### Work required
From the records below, transcribe exactly the lines that begin at the line with "New Pokemon keychain" and end at the line with "L.L. Bean plaid", both included.

### Available data
○ ○ ○
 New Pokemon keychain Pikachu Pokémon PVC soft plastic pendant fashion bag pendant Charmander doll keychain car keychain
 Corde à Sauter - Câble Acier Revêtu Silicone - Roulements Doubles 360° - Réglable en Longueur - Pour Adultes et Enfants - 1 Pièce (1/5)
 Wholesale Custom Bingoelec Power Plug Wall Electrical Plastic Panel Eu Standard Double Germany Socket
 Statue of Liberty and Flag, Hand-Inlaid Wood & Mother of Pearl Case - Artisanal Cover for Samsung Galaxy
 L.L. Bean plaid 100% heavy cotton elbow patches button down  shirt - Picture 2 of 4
○ ○ ○
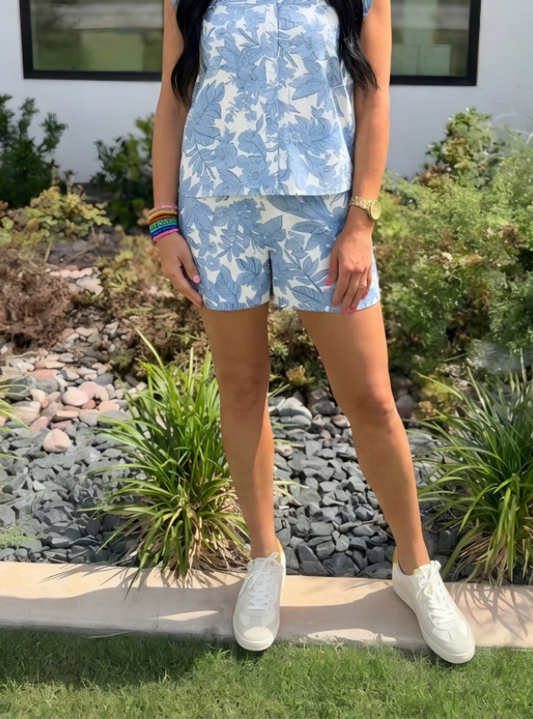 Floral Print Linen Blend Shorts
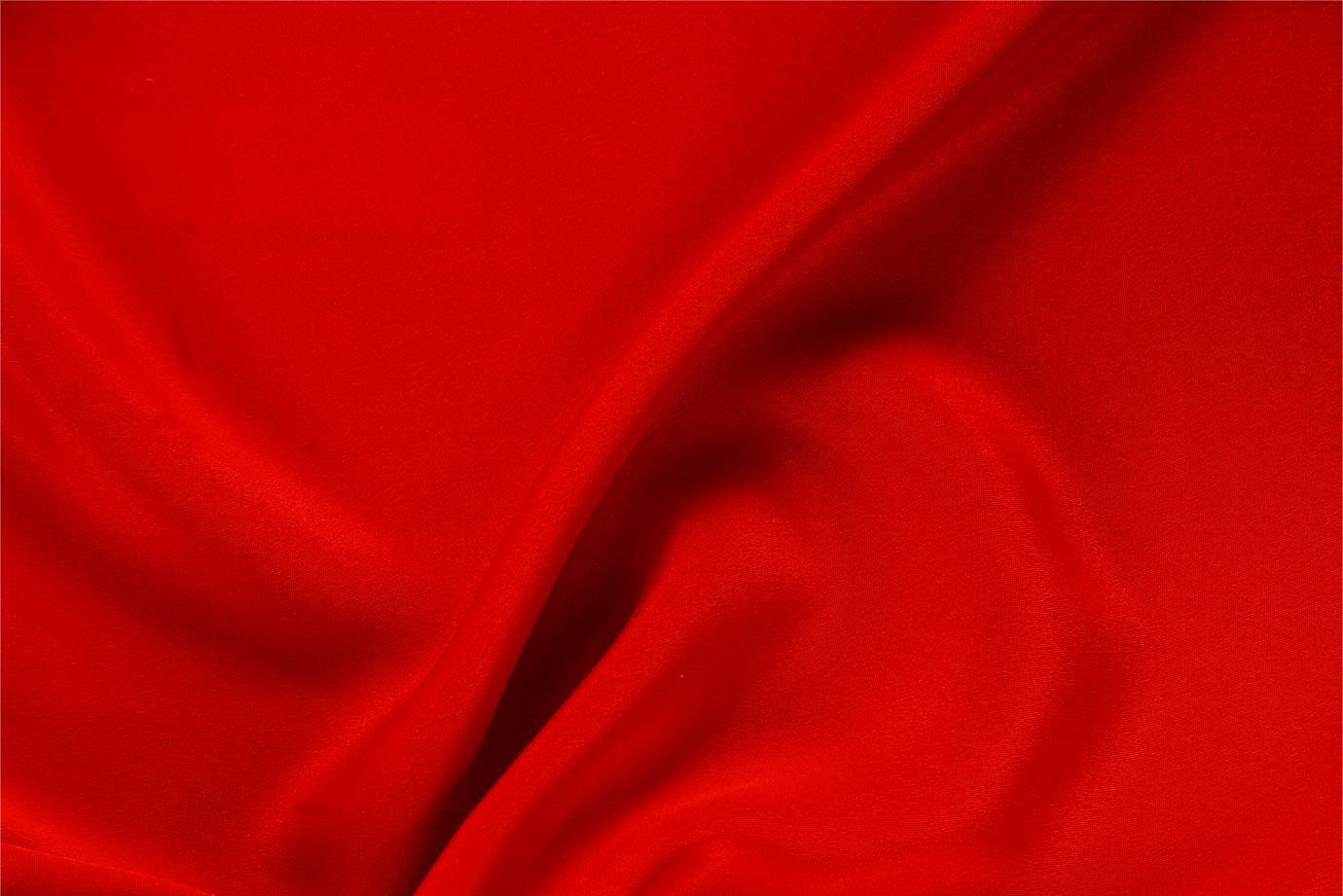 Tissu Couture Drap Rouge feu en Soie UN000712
○ ○ ○
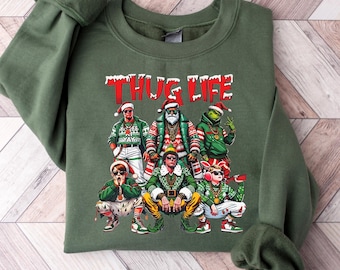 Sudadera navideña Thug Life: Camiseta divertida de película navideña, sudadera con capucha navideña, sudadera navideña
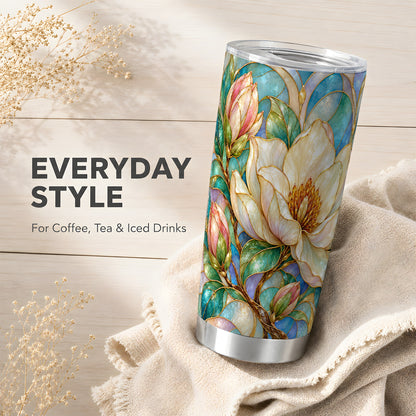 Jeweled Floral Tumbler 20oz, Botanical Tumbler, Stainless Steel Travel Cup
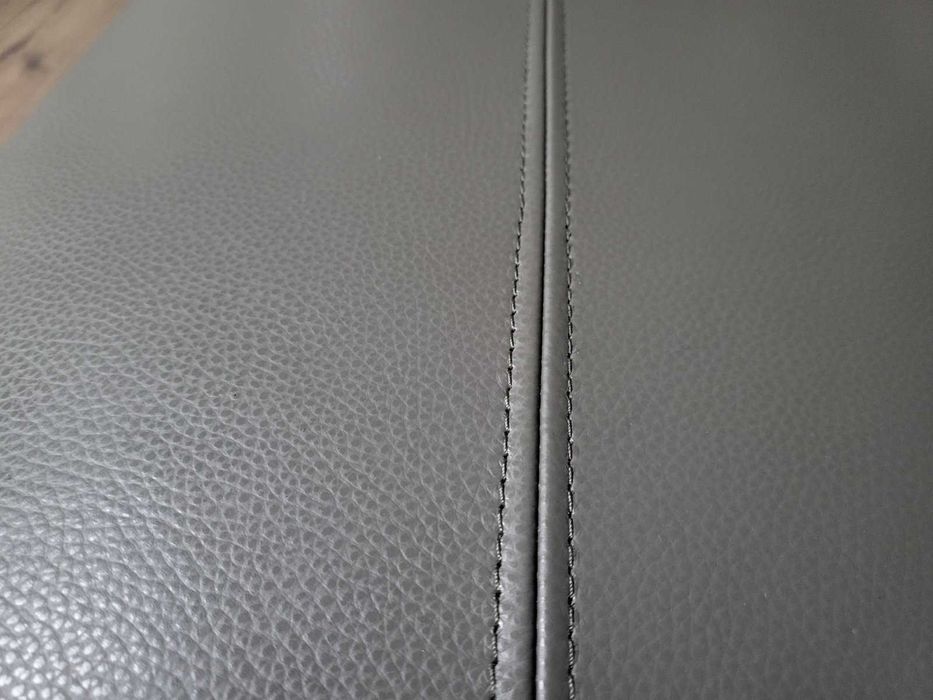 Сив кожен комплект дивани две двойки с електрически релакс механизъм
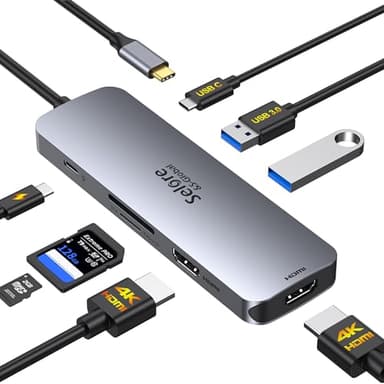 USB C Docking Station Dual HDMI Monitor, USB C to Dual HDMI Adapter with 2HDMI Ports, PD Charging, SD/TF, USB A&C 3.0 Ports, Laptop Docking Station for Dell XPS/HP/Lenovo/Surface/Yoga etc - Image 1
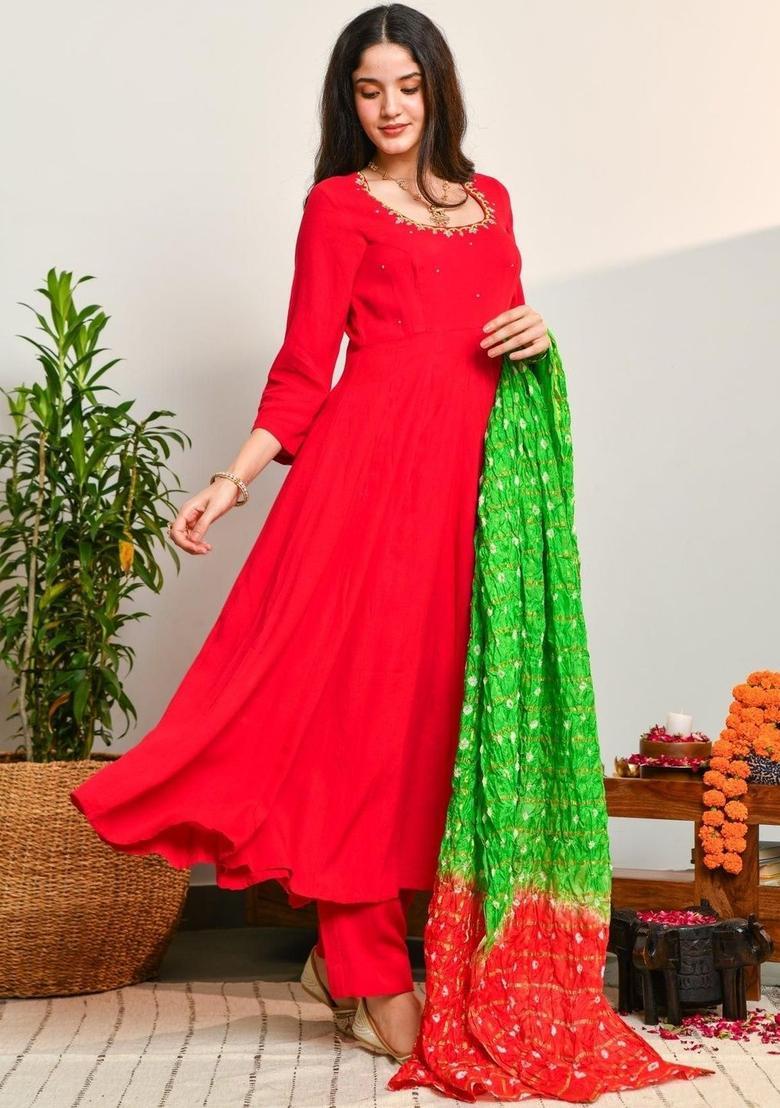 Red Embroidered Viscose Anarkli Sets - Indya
○ ○ ○
### Your response
 New Pokemon keychain Pikachu Pokémon PVC soft plastic pendant fashion bag pendant Charmander doll keychain car keychain
 Corde à Sauter - Câble Acier Revêtu Silicone - Roulements Doubles 360° - Réglable en Longueur - Pour Adultes et Enfants - 1 Pièce (1/5)
 Wholesale Custom Bingoelec Power Plug Wall Electrical Plastic Panel Eu Standard Double Germany Socket
 Statue of Liberty and Flag, Hand-Inlaid Wood & Mother of Pearl Case - Artisanal Cover for Samsung Galaxy
 L.L. Bean plaid 100% heavy cotton elbow patches button down  shirt - Picture 2 of 4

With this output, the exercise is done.